# Hurrah!  The little ones were saved!



## reian (Jul 13, 2010)

http://news.bbc.co.uk/2/hi/scotland/glasgow_and_west/10622034.stm

Yay for the saving of adorable things!  

Really, burgalars?  Going to go steal  puppies?  *sigh*


----------



## Tycho (Jul 13, 2010)

There's a huge black market for puppies, I hear.


----------



## reian (Jul 13, 2010)

Tycho said:


> There's a huge black market for puppies, I hear.


 And I don't quite understand why...unless you are just going to use them in a puppy mill...Peeves me off


----------



## Tycho (Jul 13, 2010)

reian said:


> And I don't quite understand why...unless you are just going to use them in a puppy mill...Peeves me off


 
Actually, I was being sarcastic, but...


----------



## reian (Jul 13, 2010)

Tycho said:


> Actually, I was being sarcastic, but...


DX...Now I feel like an idiot


----------



## Tycho (Jul 13, 2010)

I doubt they would have been used in puppy mills, they weren't purebred.  Beyond that I can't think of an even remotely sensible reason for them to steal those puppies.


----------



## reian (Jul 13, 2010)

Tycho said:


> I doubt they would have been used in puppy mills, they weren't purebred.  Beyond that I can't think of an even remotely sensible reason for them to steal those puppies.


That was my thought....*wrinkles nose* I hate  not having answers...Anyone else have any idea?


----------



## SnowFox (Jul 13, 2010)

reian said:


> That was my thought....*wrinkles nose* I hate  not having answers...Anyone else have any idea?


 
Ransom money.

I remember once hearing a true story about someone doing that on some comedy radio show. Some guy stole an old ladies cat and demanded a ransom, but she didn't have much money so he settled for a food blender instead.


----------



## Tycho (Jul 13, 2010)

SnowFox said:


> Ransom money.
> 
> I remember once hearing a true story about someone doing that on some comedy radio show. Some guy stole an old ladies cat and demanded a ransom, but she didn't have much money so *he settled for a food blender instead*.


 
lol.  What a fucking dumb douchebag.  Did he get caught?


----------



## reian (Jul 13, 2010)

SnowFox said:


> Ransom money.
> 
> I remember once hearing a true story about someone doing that on some comedy radio show. Some guy stole an old ladies cat and demanded a ransom, but she didn't have much money so he settled for a food blender instead.

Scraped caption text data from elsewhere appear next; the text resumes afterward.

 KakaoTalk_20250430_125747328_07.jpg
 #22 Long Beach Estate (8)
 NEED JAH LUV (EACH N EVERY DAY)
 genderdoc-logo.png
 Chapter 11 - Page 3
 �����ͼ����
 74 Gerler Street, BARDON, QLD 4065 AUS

 I've heard of that...but didn't think it was real...and it isn't as if these were people's pets. They were stolen from a shelter


----------



## Kenneth (Jul 14, 2010)

Tycho said:


> There's a huge black market for puppies, I hear.


Puppy jerky


----------



## reian (Jul 14, 2010)

Kenneth said:


> Puppy jerky


0_0 *dies*


----------



## Ames (Jul 14, 2010)

Kenneth said:


> Puppy jerky


 
It's what Dick Cheney eats.


----------



## Fenrari (Jul 14, 2010)

This sounds like the plot of a disney movie


----------



## SnowFox (Jul 14, 2010)

reian said:


> I've heard of that...but didn't think it was real...and it isn't as if these were people's pets. They were stolen from a shelter





Tycho said:


> lol.  What a fucking dumb douchebag.  Did he get caught?


 

 I can't remember, probably though. This was around 2001-ish

http://en.wikipedia.org/wiki/It's_Been_a_Bad_Week

I don't know if the episodes are still available anywhere. There were far funnier stories than that one though.


----------



## reian (Jul 14, 2010)

SnowFox said:


> I can't remember, probably though. This was around 2001-ish
> 
> http://en.wikipedia.org/wiki/It's_Been_a_Bad_Week
> 
> I don't know if the episodes are still available anywhere. There were far funnier stories than that one though.

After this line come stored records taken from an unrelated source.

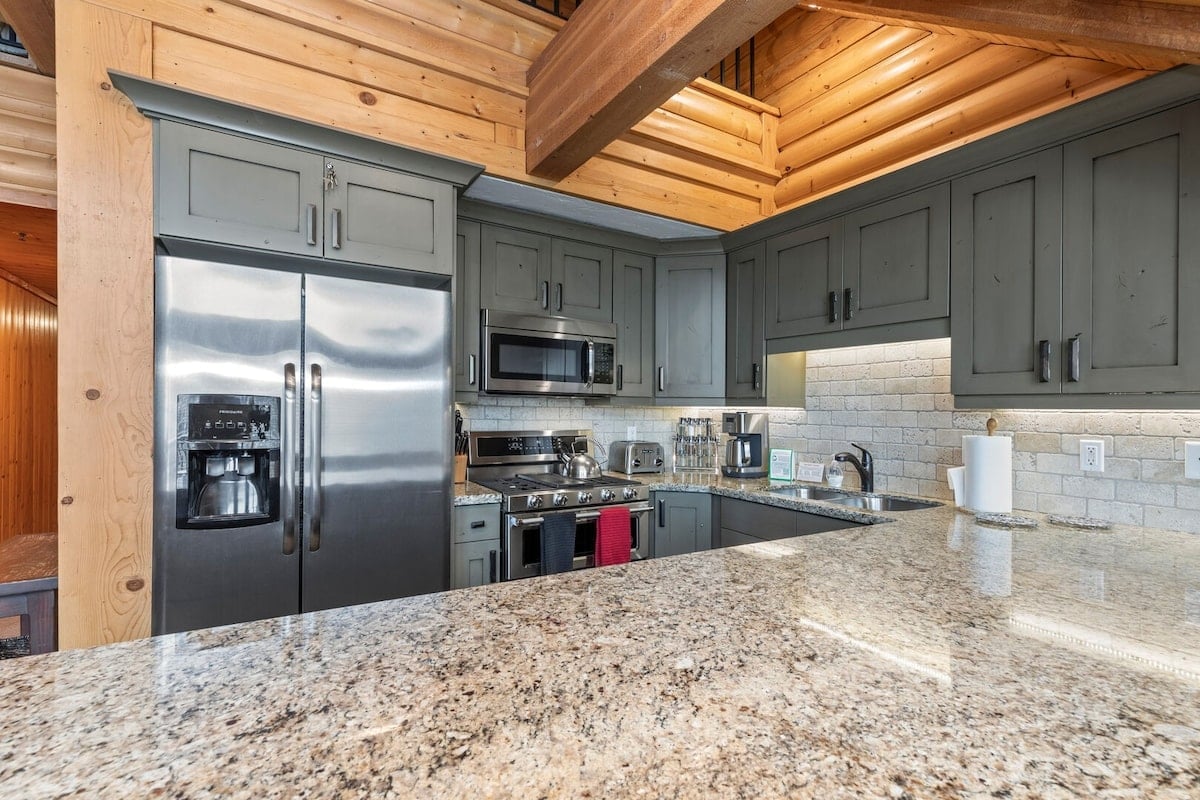 Residence image 4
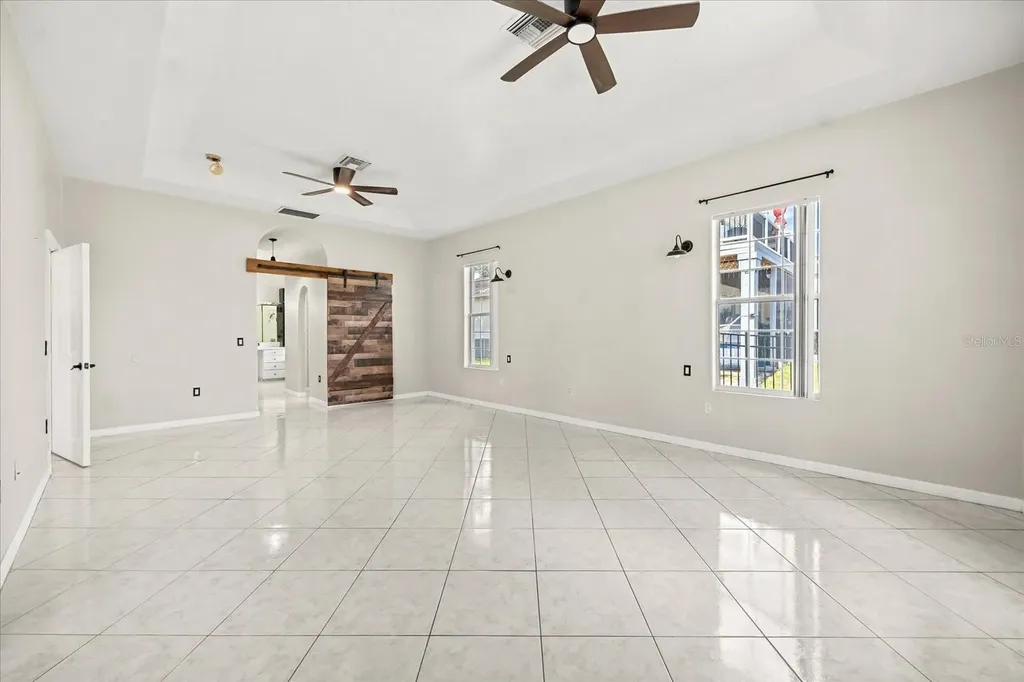 13848 Vista Del Lago Boulevard Clermont FL 34711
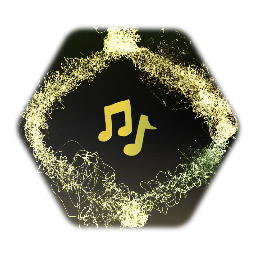 LOST DREAMS [ REMIXABLE ]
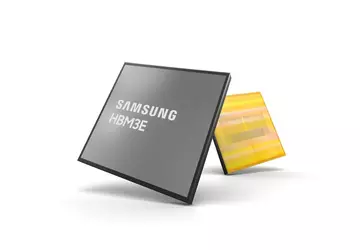 Google heeft Samsung's HBM3E-chips afgewezen vanwege ...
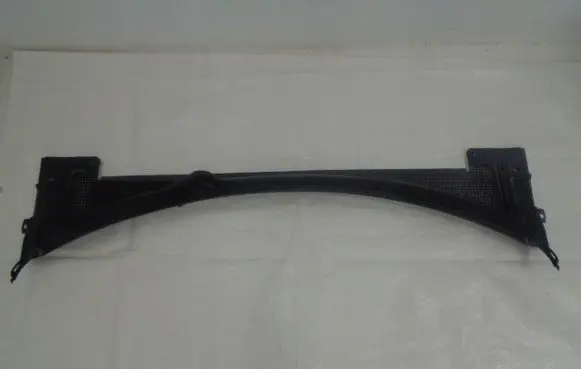 Renault Talisman Wiper trim 668115104R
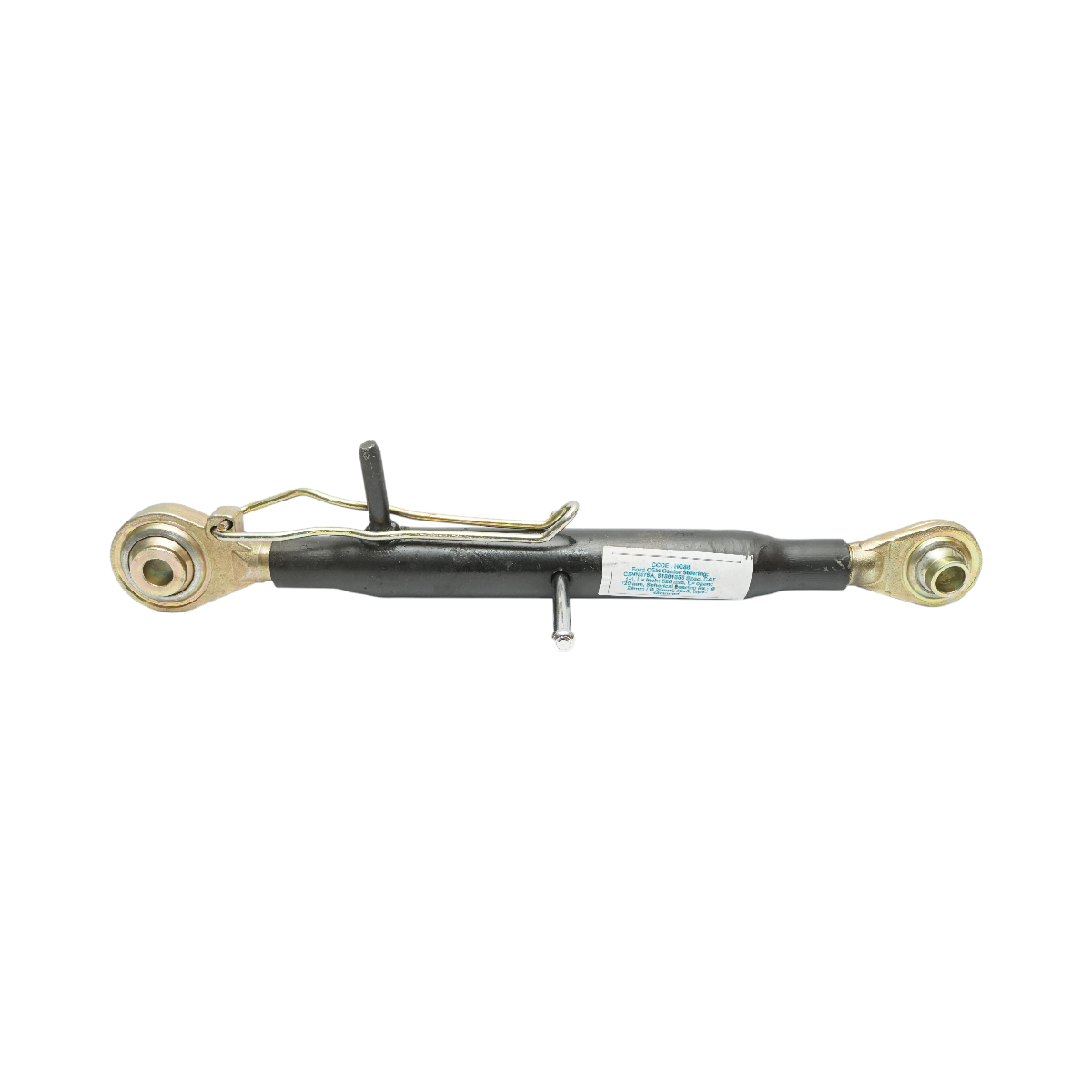 Tirant central cat 1-1 pentru Ford cod OEM C5NN576A, 81801655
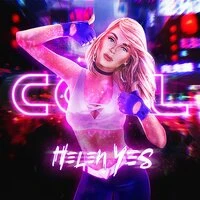 HELEN YES - Cool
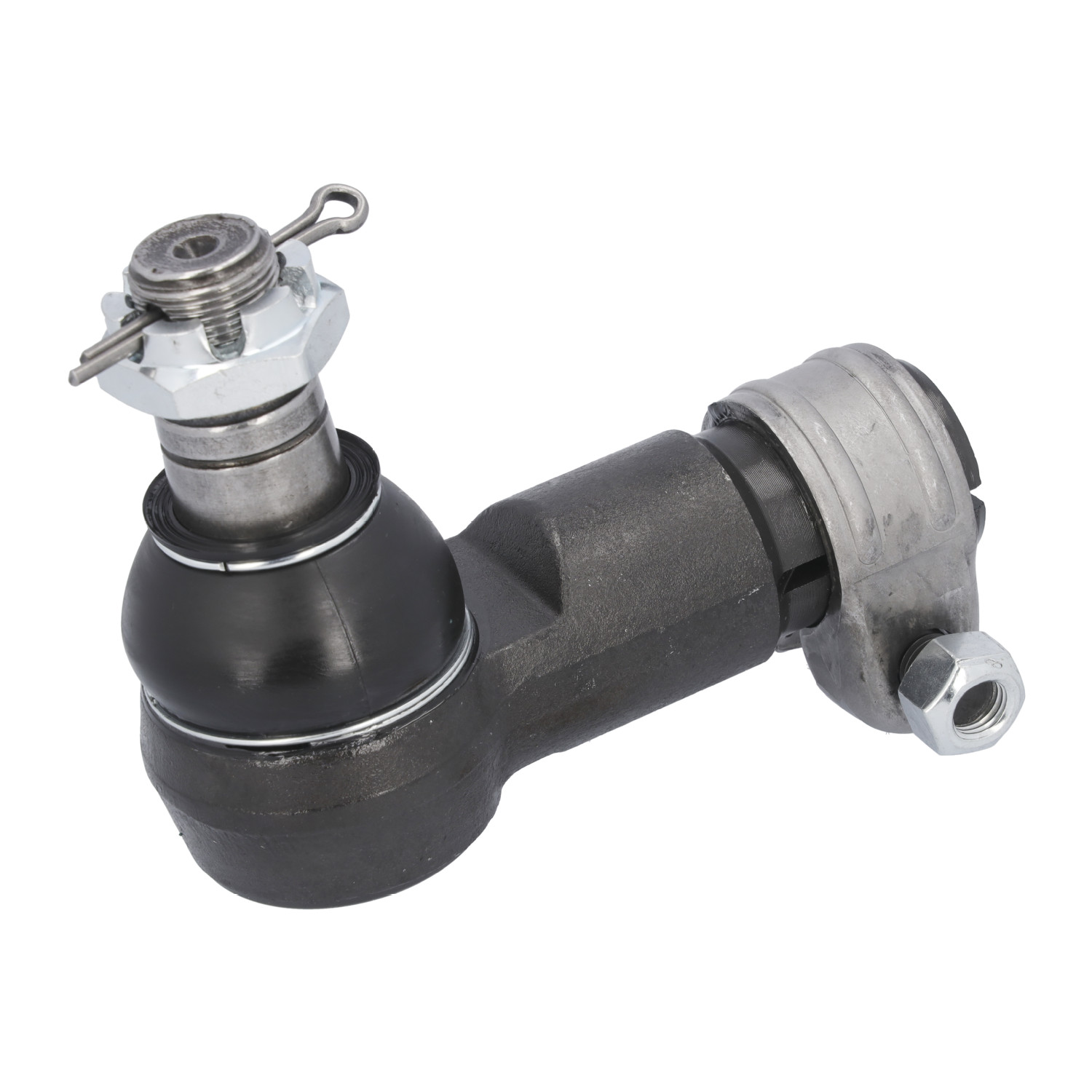 Febi 44435 Tie / Track Rod End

I've seen some of that show forever ago!

And wasn't pointing out that it was funny...just that stupid people are doing stupid things and not getting away with it


----------



## SnowFox (Jul 14, 2010)

reian said:


> I've seen some of that show forever ago!
> 
> And wasn't pointing out that it was funny...just that stupid people are doing stupid things and not getting away with it


 
You've heard it in Americaland? Did you used to live in the UK or something, I didn't think it would be that widely known.


----------



## reian (Jul 14, 2010)

SnowFox said:


> You've heard it in Americaland? Did you used to live in the UK or something, I didn't think it would be that widely known.


*looks down guiltily* I'm a bit of an Anglophile...I hunt these things out...I'm one of few

I did go to England for a few weeks in 2007...and when I'm done with school I want to move there...or just the UK in general


----------



## SnowFox (Jul 14, 2010)

reian said:


> *looks down guiltily* I'm a bit of an Anglophile...I hunt these things out...I'm one of few
> 
> I did go to England for a few weeks in 2007...and when I'm done with school I want to move there...or just the UK in general


 
Not sure why you'd want to move here, but uh... good luck with that.


----------



## reian (Jul 14, 2010)

SnowFox said:


> Not sure why you'd want to move here, but uh... good luck with that.


I'm not a big fan of over here...idk...I love the ideas behind America...but we have kind of messed up the execution


----------